Monday 21 May 2012

The World Youth Day Story



The World Youth Day Story

The village of Calla Creek is really more of a conglomeration of ranches located in the same general area than it is an actual village.  It is divided by the Mopan River, the two sides connected by a rustic wooden “hammock” bridge which dances a good deal as one traipses across it.  Our small school on the far side of the river serves about 75 students coming from 35 families.  Half of those are single parent homes.  On August 23, 2008 Deborah Xis and her 5 siblings were added to that group.
The Bridge to Calla Creek - the former thatched roof Church in the background
I had come to know Deborah Xis (pronounced “Sis”) through my visits to the school, particularly for school Masses.  She was a quiet girl but something made her stand out.  Perhaps her unique facial characteristics with her high cheek bones, perhaps her athleticism, perhaps merely the quiet humble nature by which she went about her business drew my attention to her.  She became one of only a handful of students whose name I knew. 
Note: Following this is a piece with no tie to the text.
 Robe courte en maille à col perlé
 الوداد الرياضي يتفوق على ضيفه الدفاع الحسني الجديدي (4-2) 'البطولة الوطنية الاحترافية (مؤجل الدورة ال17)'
In June 2008, at the age of fifteen, Deborah did what relatively few young people from Calla Creek do: she graduated from primary school.  That was possibly my first real connection with her.  I recall at the simple graduation ceremony for the ten graduates that I was able to communicate somehow my pride in her and also my satisfaction and excitement with her plans to accept a parish scholarship to take her shot at high school.  The choice to attend high school does not seem the prudent one to a Calla Creek mind.  Deborah came from a ranch with no electricity and where chores abound; as a “farmhand” Deborah was far more useful to the family than as a student.  With the added sacrifices on top of it all – the daily 5:30a.m. tackling of a four-mile walk to the highway to catch the bus to school and the same repeated in reverse in the afternoon – high school was a hard sell in Calla Creek.  But God spoke something silently in Deborah; she saw the path and set out.

Graduation Day

Two months after that June graduation, Deborah’s father and oldest brother were shot and killed less than 2 miles from their home, held up by “banditos” presumably from the other side of the border.  Deborah’s younger brother Willie was also in the pickup truck as it was assaulted.  Willie ducked to avoid being shot; his older brother and role model took that bullet which took his life.  Willie ran for his and got away but not without the deep living scar of hearing his father’s last cries and the torturous burden of self-blame for his own brother’s death.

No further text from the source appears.